One of the most versatile directors around, moving easily among a wide variety of styles, topics and genres, Stephen Frears (Leicester, England, 1941) built a strong reputation for himself in the 1970s directing episodes of television series and TV movies. He debuted in film in 1984 with The Hit, which revealed Tim Roth’s talent to the world. His next movie, the provocative My Beautiful Laundrette (1985), starring Daniel Day Lewis, was an international success and received an Oscar nomination for Best Original Screenplay, for the first time highlighting his talent for literary adaptations. The movie which made him a household name is Dangerous Liaisons (1988), starring John Malkovich, Glenn Close and Michelle Pfeiffer; the movie won three Oscars, including Best Adapted Screenplay, as well as many other international awards.

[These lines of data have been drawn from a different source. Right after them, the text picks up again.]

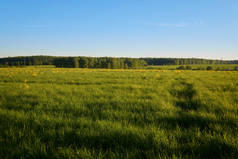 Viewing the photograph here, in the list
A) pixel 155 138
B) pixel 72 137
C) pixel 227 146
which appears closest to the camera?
pixel 227 146

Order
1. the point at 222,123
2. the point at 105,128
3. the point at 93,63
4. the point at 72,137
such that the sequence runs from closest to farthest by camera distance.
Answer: the point at 72,137
the point at 105,128
the point at 222,123
the point at 93,63

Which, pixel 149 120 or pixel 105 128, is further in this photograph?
pixel 149 120

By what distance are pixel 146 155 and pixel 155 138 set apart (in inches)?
15.6

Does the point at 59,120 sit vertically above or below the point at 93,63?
below

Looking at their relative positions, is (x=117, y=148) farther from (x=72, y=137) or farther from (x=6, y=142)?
(x=6, y=142)

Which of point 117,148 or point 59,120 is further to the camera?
point 59,120

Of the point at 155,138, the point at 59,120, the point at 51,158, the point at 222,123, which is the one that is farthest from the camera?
the point at 59,120

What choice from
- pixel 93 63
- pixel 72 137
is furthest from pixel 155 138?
pixel 93 63

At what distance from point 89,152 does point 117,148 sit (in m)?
0.46

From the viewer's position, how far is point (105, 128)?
2.38m

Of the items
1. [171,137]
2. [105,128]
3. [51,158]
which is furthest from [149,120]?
[51,158]

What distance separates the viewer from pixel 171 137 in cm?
208

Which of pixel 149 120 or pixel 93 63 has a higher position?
pixel 93 63

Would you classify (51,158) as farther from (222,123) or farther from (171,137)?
(222,123) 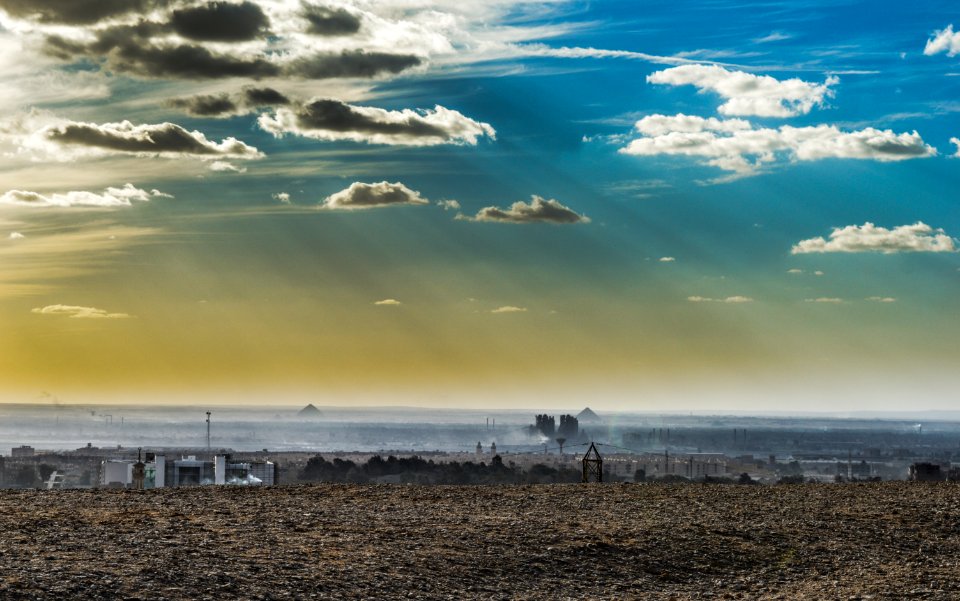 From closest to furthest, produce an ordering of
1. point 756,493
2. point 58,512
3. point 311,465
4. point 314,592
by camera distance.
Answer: point 314,592 < point 58,512 < point 756,493 < point 311,465

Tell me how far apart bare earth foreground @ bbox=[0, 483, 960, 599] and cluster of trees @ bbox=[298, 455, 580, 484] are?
38118 millimetres

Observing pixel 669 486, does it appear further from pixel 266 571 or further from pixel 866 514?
pixel 266 571

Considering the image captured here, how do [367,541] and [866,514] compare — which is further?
[866,514]

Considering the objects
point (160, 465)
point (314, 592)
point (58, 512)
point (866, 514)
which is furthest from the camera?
point (160, 465)

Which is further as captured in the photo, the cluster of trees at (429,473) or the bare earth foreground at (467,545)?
the cluster of trees at (429,473)

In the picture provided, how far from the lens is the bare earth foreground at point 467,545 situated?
13.7m

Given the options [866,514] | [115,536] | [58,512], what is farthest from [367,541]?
[866,514]

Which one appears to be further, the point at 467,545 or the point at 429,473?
the point at 429,473

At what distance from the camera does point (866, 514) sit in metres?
20.3

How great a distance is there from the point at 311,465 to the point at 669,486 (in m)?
70.1

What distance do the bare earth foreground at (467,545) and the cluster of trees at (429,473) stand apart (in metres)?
38.1

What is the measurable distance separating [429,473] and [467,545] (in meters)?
56.7

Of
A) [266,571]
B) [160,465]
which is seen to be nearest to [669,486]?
[266,571]

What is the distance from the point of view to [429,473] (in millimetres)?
72312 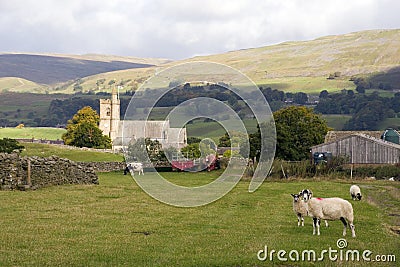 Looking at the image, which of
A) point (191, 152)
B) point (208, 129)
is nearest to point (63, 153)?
point (191, 152)

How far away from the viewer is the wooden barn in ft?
202

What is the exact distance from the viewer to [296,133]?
7581cm

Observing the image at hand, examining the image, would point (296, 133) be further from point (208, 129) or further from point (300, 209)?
point (208, 129)

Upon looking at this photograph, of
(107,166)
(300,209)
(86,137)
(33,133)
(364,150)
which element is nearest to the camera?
(300,209)

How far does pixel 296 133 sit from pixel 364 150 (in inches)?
538

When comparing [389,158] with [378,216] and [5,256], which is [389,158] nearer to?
[378,216]

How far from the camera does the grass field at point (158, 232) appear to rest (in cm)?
1399

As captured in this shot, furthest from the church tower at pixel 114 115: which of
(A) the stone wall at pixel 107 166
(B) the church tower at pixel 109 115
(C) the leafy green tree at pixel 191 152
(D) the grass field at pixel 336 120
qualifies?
(A) the stone wall at pixel 107 166

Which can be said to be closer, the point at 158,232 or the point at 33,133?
the point at 158,232

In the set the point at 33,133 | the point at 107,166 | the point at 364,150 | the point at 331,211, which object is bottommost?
the point at 107,166

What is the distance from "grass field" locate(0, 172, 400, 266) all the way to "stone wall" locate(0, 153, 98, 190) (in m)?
2.80

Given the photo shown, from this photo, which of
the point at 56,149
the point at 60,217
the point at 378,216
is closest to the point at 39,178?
the point at 60,217

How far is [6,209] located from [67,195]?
625cm

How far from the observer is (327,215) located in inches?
721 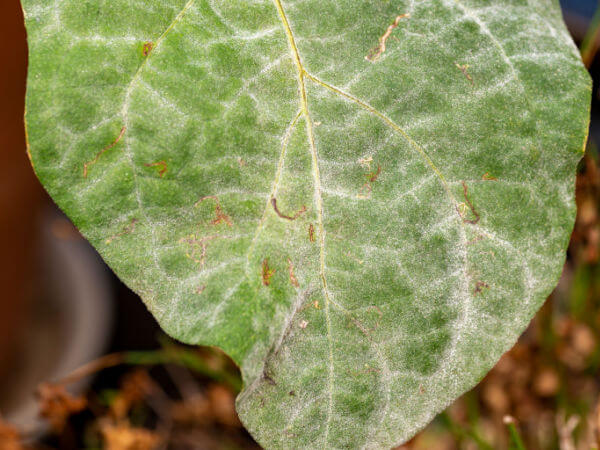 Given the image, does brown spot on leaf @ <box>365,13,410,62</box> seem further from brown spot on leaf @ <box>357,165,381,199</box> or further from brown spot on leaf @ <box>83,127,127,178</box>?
brown spot on leaf @ <box>83,127,127,178</box>

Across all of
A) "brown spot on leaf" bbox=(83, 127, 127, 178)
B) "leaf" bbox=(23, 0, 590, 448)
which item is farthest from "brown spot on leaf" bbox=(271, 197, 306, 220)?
"brown spot on leaf" bbox=(83, 127, 127, 178)

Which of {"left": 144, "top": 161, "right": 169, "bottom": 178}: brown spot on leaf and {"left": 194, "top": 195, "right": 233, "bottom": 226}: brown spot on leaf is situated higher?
{"left": 144, "top": 161, "right": 169, "bottom": 178}: brown spot on leaf

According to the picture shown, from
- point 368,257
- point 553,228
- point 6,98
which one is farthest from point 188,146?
point 6,98

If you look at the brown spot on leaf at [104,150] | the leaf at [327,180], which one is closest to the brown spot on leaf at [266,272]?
the leaf at [327,180]

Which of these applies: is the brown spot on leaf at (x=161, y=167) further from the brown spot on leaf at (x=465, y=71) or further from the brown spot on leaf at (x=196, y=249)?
the brown spot on leaf at (x=465, y=71)

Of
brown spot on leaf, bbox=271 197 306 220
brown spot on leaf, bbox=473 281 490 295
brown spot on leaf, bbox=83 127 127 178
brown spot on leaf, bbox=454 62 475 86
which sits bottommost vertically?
brown spot on leaf, bbox=473 281 490 295

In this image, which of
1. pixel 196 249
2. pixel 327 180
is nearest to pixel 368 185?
pixel 327 180

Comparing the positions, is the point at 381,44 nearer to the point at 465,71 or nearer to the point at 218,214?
the point at 465,71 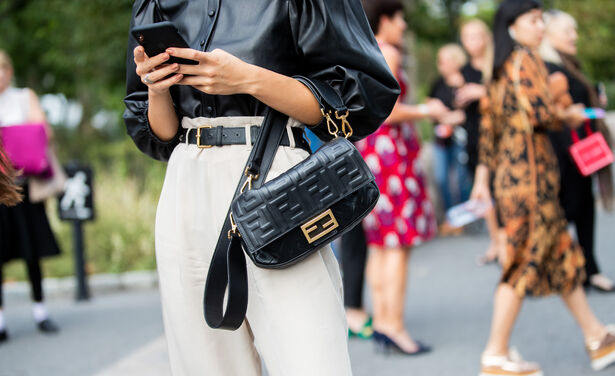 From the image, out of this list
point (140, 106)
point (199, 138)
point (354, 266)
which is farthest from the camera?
point (354, 266)

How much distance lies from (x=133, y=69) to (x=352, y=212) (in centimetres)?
81

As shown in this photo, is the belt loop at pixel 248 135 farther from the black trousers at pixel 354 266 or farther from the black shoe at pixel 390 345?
the black trousers at pixel 354 266

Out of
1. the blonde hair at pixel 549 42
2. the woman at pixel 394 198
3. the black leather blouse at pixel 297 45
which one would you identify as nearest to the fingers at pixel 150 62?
the black leather blouse at pixel 297 45

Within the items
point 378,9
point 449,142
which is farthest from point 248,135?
point 449,142

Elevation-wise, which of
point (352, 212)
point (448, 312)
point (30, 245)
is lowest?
point (448, 312)

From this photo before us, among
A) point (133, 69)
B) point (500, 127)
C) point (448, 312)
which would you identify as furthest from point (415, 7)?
point (133, 69)

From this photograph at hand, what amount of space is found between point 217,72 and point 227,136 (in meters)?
0.21

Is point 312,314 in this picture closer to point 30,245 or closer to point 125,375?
point 125,375

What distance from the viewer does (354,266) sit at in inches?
200

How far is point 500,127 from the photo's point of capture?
4.30 metres

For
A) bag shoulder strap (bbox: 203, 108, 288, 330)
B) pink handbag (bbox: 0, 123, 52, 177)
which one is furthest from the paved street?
bag shoulder strap (bbox: 203, 108, 288, 330)

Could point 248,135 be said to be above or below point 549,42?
above

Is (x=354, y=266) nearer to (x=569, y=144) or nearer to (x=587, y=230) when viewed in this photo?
(x=569, y=144)

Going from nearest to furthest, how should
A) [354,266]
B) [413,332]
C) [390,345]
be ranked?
[390,345], [354,266], [413,332] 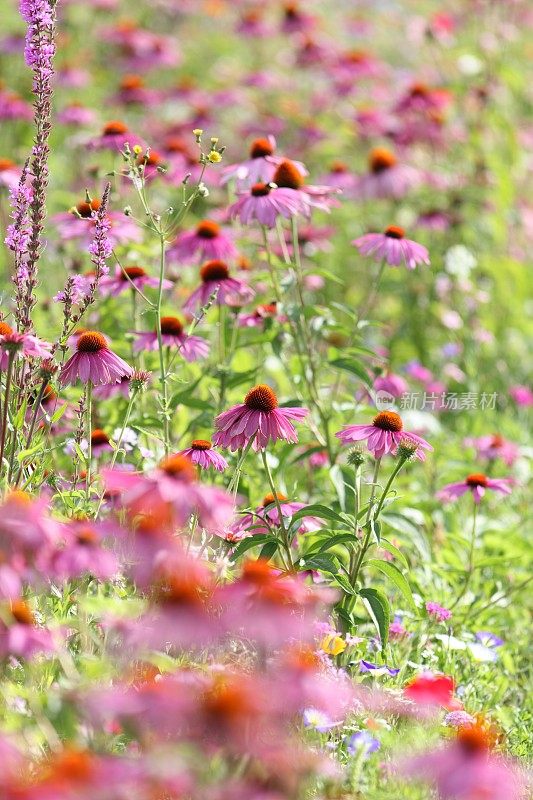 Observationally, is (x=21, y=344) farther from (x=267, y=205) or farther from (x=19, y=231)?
(x=267, y=205)

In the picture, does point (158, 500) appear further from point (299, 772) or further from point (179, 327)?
point (179, 327)

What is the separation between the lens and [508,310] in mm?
5742

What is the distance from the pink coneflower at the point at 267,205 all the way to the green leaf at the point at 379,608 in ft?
3.53

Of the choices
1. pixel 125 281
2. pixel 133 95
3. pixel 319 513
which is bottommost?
pixel 319 513

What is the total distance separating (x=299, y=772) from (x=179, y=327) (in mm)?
1776

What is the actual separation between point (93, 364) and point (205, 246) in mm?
1163

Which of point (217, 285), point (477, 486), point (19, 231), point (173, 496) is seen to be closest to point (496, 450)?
point (477, 486)

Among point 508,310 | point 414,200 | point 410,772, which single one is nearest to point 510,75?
point 414,200

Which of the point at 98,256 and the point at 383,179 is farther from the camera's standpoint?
the point at 383,179

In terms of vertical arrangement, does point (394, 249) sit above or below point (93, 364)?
above

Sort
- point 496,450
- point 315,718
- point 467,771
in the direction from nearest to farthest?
point 467,771
point 315,718
point 496,450

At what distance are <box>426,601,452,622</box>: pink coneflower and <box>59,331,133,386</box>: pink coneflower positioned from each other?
41.5 inches

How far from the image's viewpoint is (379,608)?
2508mm

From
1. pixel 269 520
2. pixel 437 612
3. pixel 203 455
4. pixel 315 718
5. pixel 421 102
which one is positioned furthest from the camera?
pixel 421 102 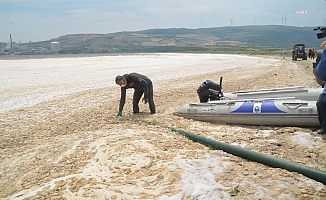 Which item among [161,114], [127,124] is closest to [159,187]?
[127,124]

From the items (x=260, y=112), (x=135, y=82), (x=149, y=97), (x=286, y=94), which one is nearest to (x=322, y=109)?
(x=260, y=112)

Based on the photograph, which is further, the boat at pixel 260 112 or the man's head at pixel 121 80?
the man's head at pixel 121 80

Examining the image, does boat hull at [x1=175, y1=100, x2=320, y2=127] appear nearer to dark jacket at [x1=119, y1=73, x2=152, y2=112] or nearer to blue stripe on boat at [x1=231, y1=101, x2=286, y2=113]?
blue stripe on boat at [x1=231, y1=101, x2=286, y2=113]

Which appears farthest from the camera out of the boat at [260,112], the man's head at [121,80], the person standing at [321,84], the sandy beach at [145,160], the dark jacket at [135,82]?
the dark jacket at [135,82]

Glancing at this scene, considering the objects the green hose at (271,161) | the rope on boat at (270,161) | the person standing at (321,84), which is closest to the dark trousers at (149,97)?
the rope on boat at (270,161)

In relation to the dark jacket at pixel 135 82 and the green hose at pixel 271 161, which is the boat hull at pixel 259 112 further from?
the green hose at pixel 271 161

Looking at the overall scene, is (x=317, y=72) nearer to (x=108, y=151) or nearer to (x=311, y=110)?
(x=311, y=110)

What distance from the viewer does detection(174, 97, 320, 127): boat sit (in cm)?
686

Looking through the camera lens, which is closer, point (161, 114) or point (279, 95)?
point (279, 95)

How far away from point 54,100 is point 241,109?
9.07m

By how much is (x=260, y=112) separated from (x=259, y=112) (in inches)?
0.9

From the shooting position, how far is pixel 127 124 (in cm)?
794

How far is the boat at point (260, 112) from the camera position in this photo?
22.5 feet

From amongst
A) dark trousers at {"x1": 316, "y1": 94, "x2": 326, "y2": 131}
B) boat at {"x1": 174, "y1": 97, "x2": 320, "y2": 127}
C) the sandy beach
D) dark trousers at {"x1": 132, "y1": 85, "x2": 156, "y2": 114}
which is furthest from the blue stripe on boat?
dark trousers at {"x1": 132, "y1": 85, "x2": 156, "y2": 114}
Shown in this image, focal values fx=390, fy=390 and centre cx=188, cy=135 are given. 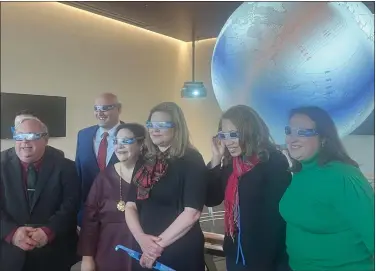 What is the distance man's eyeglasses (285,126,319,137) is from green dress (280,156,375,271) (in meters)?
0.08

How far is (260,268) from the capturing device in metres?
1.41

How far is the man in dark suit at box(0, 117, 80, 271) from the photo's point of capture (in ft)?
5.42

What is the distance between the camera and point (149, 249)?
1.54 meters

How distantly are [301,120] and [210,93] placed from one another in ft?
1.18

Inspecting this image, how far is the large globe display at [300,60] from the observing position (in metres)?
1.33

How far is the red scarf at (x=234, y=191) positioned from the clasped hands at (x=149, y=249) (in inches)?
11.0

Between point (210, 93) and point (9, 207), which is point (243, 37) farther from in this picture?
point (9, 207)

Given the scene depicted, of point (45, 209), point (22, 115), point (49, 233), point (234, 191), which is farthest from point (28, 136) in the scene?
point (234, 191)

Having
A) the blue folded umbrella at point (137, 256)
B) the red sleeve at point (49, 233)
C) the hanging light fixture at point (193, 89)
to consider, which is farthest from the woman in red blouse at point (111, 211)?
the hanging light fixture at point (193, 89)

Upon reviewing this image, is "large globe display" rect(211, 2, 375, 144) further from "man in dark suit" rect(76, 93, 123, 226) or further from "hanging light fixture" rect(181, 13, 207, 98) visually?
"man in dark suit" rect(76, 93, 123, 226)

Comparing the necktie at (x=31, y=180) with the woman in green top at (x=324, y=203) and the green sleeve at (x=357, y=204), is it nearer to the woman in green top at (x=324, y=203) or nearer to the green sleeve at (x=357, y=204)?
the woman in green top at (x=324, y=203)

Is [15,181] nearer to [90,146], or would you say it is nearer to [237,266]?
[90,146]

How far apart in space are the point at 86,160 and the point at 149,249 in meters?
0.46

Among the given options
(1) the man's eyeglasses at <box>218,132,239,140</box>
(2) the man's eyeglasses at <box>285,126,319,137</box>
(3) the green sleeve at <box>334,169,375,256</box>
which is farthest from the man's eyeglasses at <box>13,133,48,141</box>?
(3) the green sleeve at <box>334,169,375,256</box> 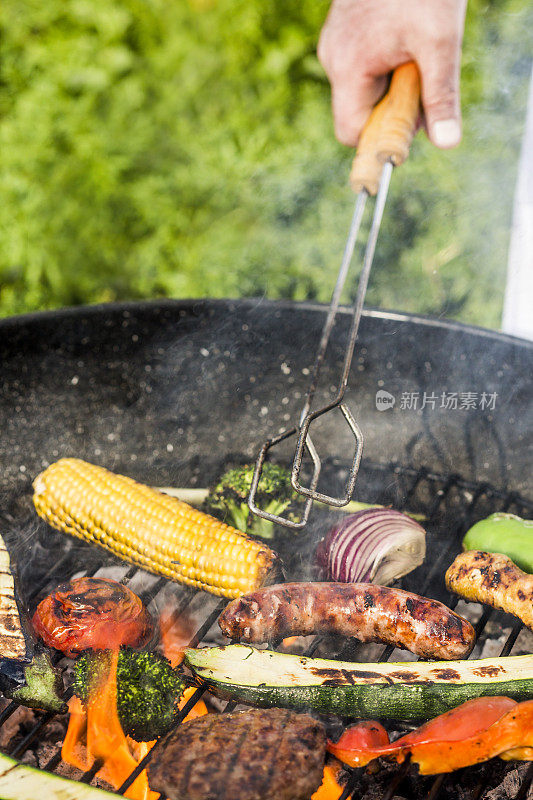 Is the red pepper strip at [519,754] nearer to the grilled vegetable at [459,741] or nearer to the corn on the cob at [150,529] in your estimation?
the grilled vegetable at [459,741]

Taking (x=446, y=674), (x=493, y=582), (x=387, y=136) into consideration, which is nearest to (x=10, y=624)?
(x=446, y=674)

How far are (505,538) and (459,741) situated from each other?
0.91m

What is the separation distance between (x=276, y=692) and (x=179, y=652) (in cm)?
43

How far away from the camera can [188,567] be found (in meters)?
2.46

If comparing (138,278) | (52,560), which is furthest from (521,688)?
(138,278)

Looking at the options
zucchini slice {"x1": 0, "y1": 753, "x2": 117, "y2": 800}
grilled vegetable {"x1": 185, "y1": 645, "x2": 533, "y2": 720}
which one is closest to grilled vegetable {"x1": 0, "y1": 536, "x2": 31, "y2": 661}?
zucchini slice {"x1": 0, "y1": 753, "x2": 117, "y2": 800}

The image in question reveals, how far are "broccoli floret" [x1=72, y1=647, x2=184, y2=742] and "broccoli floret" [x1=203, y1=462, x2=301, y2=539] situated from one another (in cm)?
76

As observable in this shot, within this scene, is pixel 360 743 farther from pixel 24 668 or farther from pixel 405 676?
pixel 24 668

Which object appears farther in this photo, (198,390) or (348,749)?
(198,390)

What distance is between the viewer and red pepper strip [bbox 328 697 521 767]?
182cm

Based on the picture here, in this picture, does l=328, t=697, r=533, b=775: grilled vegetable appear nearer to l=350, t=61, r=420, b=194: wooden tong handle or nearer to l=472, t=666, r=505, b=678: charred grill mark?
l=472, t=666, r=505, b=678: charred grill mark

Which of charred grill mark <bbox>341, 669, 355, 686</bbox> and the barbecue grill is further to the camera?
the barbecue grill

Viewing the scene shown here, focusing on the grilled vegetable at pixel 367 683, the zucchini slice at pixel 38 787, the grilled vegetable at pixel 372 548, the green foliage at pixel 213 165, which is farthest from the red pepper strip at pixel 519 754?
the green foliage at pixel 213 165

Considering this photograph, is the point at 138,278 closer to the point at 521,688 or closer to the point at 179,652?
the point at 179,652
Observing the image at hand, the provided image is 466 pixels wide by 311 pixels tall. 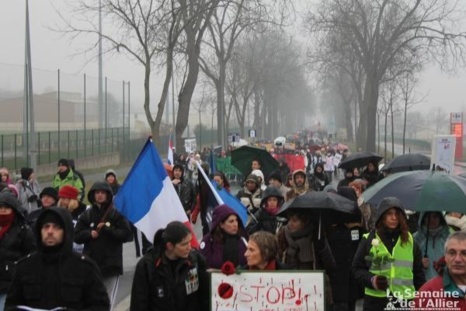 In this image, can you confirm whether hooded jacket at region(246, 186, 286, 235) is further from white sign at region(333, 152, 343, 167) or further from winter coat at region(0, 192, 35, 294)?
white sign at region(333, 152, 343, 167)

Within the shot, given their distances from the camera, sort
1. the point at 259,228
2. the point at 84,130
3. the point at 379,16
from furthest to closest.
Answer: the point at 379,16, the point at 84,130, the point at 259,228

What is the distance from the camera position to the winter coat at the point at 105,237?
316 inches

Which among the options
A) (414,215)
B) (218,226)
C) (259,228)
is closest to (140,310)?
(218,226)

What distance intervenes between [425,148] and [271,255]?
299ft

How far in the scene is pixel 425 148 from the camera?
93000 millimetres

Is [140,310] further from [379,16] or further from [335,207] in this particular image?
[379,16]

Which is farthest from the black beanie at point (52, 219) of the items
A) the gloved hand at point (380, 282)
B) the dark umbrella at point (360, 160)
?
the dark umbrella at point (360, 160)

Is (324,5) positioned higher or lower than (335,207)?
higher

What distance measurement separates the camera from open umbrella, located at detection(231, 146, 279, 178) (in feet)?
48.5

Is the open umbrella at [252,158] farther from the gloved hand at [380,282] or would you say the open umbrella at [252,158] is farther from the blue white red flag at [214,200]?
the gloved hand at [380,282]

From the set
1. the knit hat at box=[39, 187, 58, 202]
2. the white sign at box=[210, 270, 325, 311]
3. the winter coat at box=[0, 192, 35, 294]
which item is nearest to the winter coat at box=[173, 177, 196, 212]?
the knit hat at box=[39, 187, 58, 202]

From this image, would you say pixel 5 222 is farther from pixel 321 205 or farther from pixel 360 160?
pixel 360 160

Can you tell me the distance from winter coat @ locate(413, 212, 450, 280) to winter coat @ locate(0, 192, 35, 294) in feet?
10.8

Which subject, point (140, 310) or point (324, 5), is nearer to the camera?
point (140, 310) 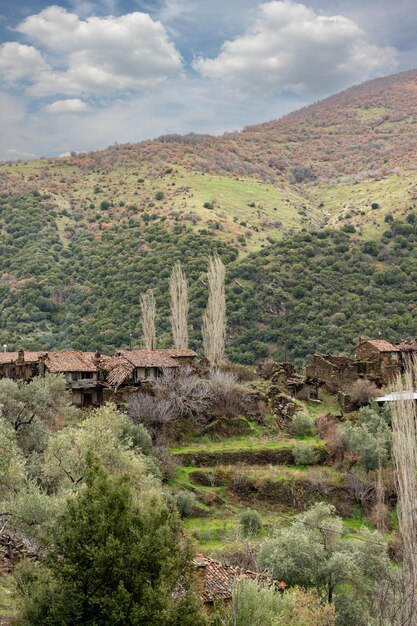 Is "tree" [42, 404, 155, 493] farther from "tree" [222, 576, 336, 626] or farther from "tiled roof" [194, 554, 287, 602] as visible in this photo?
"tree" [222, 576, 336, 626]

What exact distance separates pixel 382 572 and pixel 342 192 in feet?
408

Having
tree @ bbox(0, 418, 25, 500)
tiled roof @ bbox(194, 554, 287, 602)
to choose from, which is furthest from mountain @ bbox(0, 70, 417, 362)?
tree @ bbox(0, 418, 25, 500)

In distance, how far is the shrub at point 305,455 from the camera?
135ft

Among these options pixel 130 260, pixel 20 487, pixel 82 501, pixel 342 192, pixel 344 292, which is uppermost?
pixel 342 192

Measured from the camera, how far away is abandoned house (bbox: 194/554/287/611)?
20656 mm

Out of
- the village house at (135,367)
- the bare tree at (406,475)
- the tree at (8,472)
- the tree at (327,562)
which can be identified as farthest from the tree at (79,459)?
the village house at (135,367)

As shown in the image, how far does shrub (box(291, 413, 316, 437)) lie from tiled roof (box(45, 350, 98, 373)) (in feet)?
47.1

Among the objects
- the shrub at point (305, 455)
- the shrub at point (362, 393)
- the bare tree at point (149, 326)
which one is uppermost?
the bare tree at point (149, 326)

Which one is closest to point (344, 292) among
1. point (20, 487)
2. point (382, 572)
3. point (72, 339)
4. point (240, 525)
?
point (72, 339)

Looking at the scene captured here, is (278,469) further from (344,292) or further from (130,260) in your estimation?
(130,260)

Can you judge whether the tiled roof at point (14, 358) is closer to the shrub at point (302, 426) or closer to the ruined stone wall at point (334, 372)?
the shrub at point (302, 426)

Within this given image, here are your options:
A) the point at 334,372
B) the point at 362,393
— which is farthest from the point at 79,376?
the point at 362,393

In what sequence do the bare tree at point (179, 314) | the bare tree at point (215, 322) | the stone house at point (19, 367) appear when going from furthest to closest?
1. the bare tree at point (179, 314)
2. the bare tree at point (215, 322)
3. the stone house at point (19, 367)

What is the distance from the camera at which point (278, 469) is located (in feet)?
133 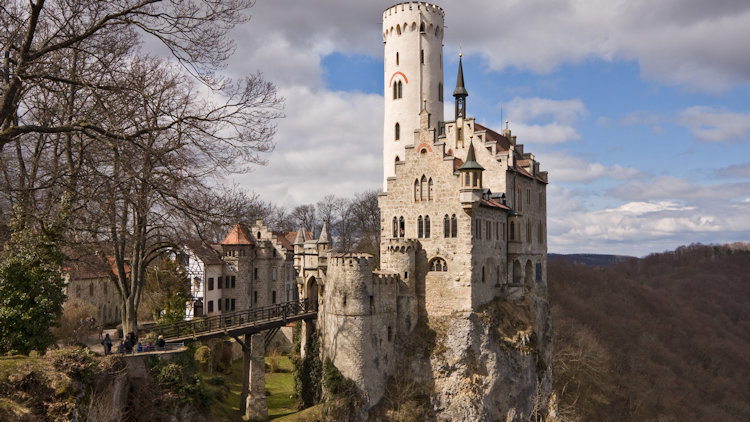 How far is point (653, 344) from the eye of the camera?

With his next film, The Grifters (1990), he received his first Oscar nomination for Best Director, a seal on his definitive fellowship with Hollywood, where he continues to make films which he alternates with English productions. In 1998, he won the Silver Bear for Best Director for The Hi-Lo Country, while in 2000 he directed High Fidelity and competed for the first time in Venice with Liam, for which the actress Megan Burns won the Marcello Mastroianni Award. Two years later, he was back in Venice in Competition with Dirty Pretty Things and again in 2006, when he received his second Oscar nomination for Best Director for The Queen, the movie about Queen Elizabeth II for which Helen Mirren won the Volpi Cup and the Oscar for Best Actress. Philomena (2013) won Best Screenplay in Venice and the movie was nominated for four Oscars.

His new film Victoria & Abdul will receive its world premiere screening in Venice. Academy Award winner Judi Dench (Shakespeare in Love) reunites with Academy Award-nominated director Stephen Frears (The Queen), and returns to the role of Queen Victoria, in Victoria & Abdul. The screenplay of Victoria & Abdul is by Academy Award nominee Lee Hall (Billy Elliot), based on journalist Shrabani Basu’s book Victoria & Abdul: The True Story of the Queen’s Closest Confidant. A Focus Features presentation in association with Perfect World Pictures and in association with BBC Films of a Working Title production in association with Cross Street Films.


Jaeger-LeCoultre has been a sponsor of the Venice International Film Festival for thirteen  years in a row, and of the Glory to the Filmmaker prize for eleven years. In the past the prize has been awarded to Takeshi Kitano (2007), Abbas Kiarostami (2008), Agnès Varda (2008), Sylvester Stallone (2009), Mani Ratnam (2010), Al Pacino (2011), Spike Lee (2012), Ettore Scola (2013), James Franco (2014), Brian De Palma (2015), and Amir Naderi (2016).